The Staib LB-1 Special is a homebuilt aircraft design of Wilbur Staib.

Design and development
Wilbur Staib (1914-1993) was a self-taught aircraft designer from Diamond, Missouri. Staib served as a flight instructor during the  Second World War at Chanute, Kansas flying PT-14s. He designed and built five different "LB" (Little Bastard) aircraft and a helicopter, of which several had the title "world's smallest". He flew his aircraft in air shows with the title "The Diamond Wizard".

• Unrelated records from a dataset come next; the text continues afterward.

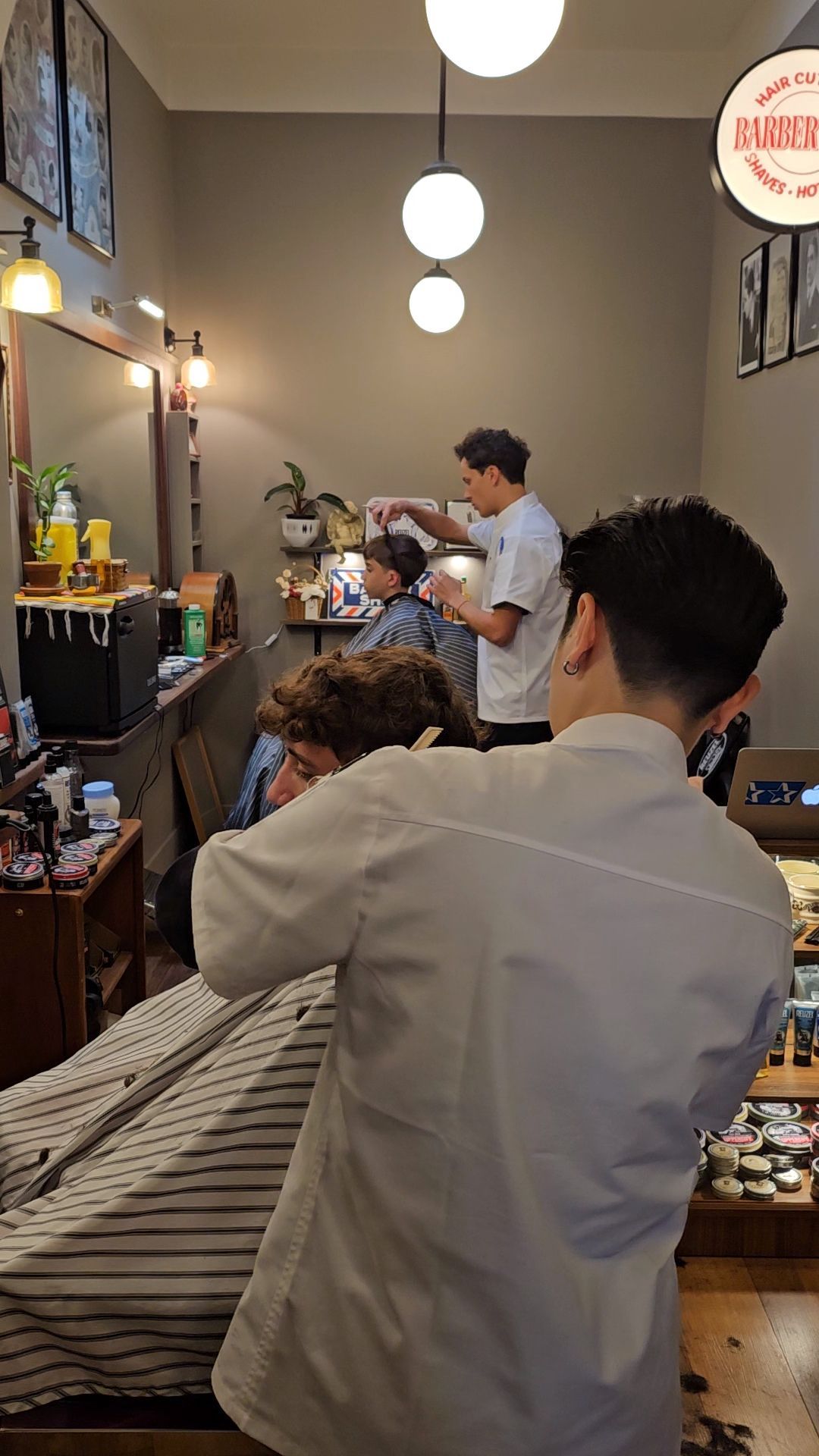 People in a Barber Shop — Lucky Child Barber Shop In Hobart, TAS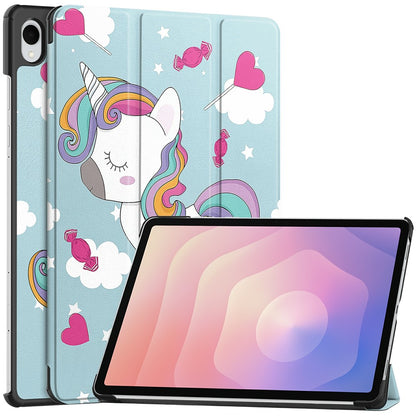 Cover til Samsung Galaxy Tab S11, Techsuit, FoldPro Unicorn, Multifarvet
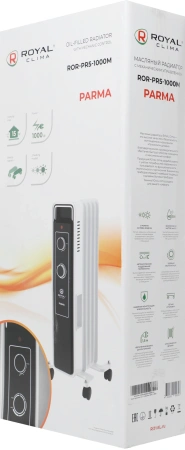 Радиатор масляный Royal Clima Parma ROR-PR5-1000M 1000Вт белый/черный
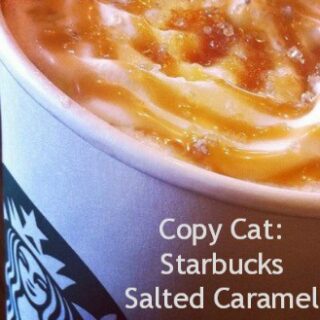 This Copy Cat: Starbucks Salted Caramel Mocha Recipe is the perfect pairing of coffee and caramel. It's warmth soothes and the taste of salted caramel is always a favorite! Salted Caramel just keeps trending, once a fall and holiday flavor, it is now an all-year-long indulgence.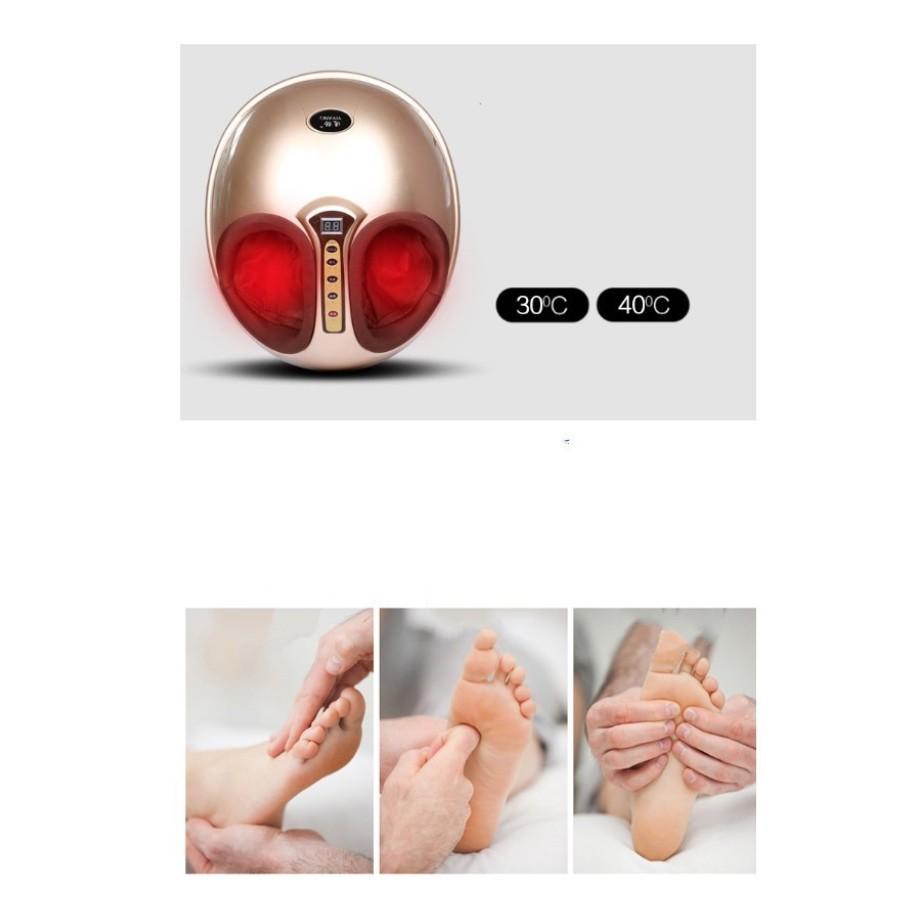 Máy massage chân có remote tặng massage 8 vùng cơ thể sử dụng tại nhà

The LB-1 was a single engine, open cockpit biplane with conventional landing gear. The low-cost construction included using brazed steel bedspring wire for wing-ribs, and bed-sheet muslin covering. The airfoil was patterned on a Taylorcraft BC-12D. The aircraft used three fuel tanks: one in the headrest, one in the baggage compartment and one against the firewall. The red and white checkerboard-painted aircraft was outfitted with a smoke system for air show work.

Operational history
Staib used the LB-1 to perform on the pro-akro circuit, performing stunts such as inverted ribbon cuts. His LB-1 was comparable to the Pitts Special flown by Betty Skelton at the same shows. The aircraft performed from 1949 to 1952. The prototype was registered as late as 1990.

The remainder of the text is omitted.